Notes: This word entered English in the 14th century meaning "a short prayer of intercession", but by the 16th century it was used to refer to voting in the British parliament. The adjective is suffragial, but the more interesting term is suffragette, the name given to women at the beginning of the 20th century who demonstrated for the woman's right to vote, for women's suffrage, which women in the US suffered without until 1920.
In Play: Although the word was more closely associated with the right of women to vote in the last century, it refers to anyone's right to vote, "We would probably elect a better government if we extended suffrage to elementary school children." But don't forget that it also refers to a prayer on behalf of a soul to be promoted to a higher office, "Let's all offer suffrages for Larry to be promoted to some position far from this office."

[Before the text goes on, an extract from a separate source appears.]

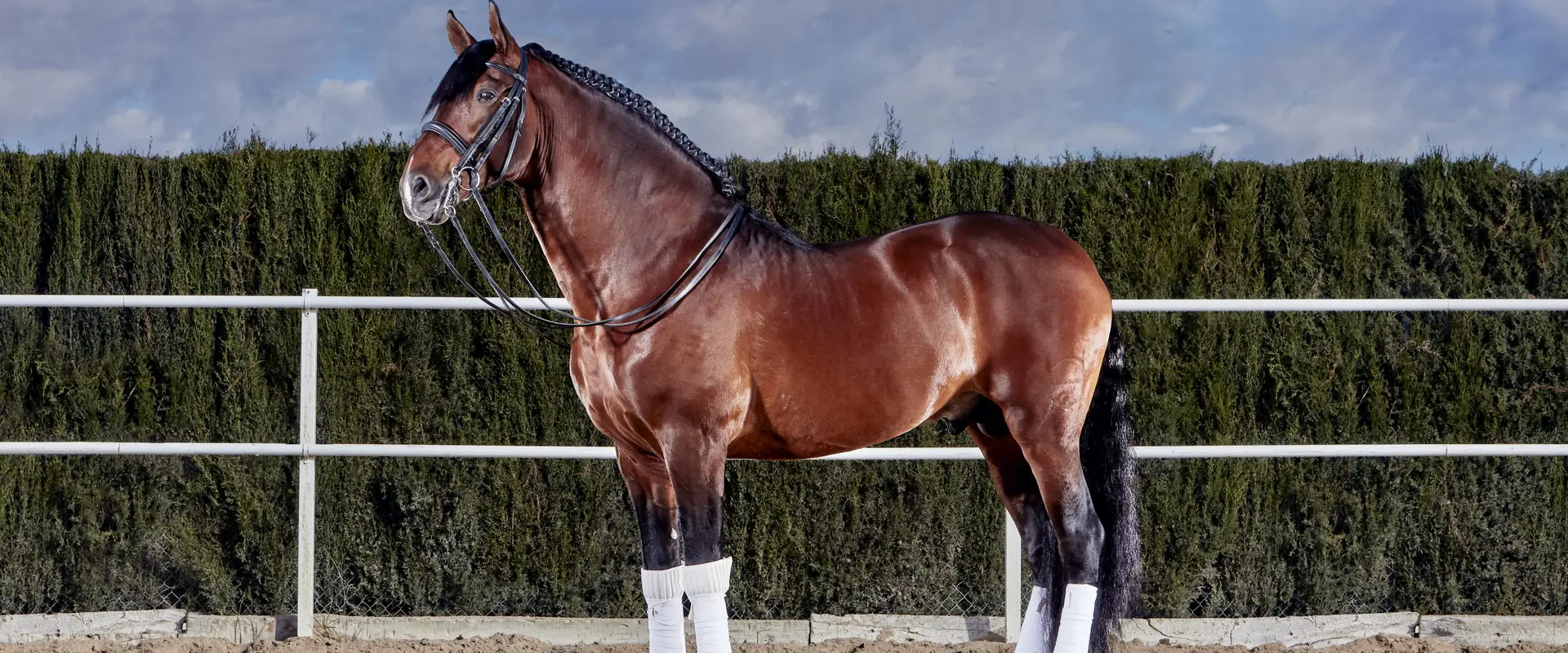 Trent Park Equestrian Centre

Word History: Suffrage goes back to Latin suffragare "to vote". The root of this word comes from the same source as English break. The English word break (= German brechen) comes from the Proto-Indo-European root, bhreg-. The initial [bh] became [b] in English and the [g] became [k], both by regular historical change. The [bh] in Latin, however, standing at the beginning of a word as it does here, became [f], so the Latin word for "break" is frangere, past participle fractus, the origin of our word fracture. With the prefix sub- "under" (the final [b] assimilating to the following [f]), this stem gave Latin suffragari "to vote." Why the connection between "break" and "vote"? The guess is that the early Romans used broken shards of pottery for casting votes. (We all owe a unanimous vote of gratitude to Ruth Baldwin for suggesting we look into the odd connotations of today's word.)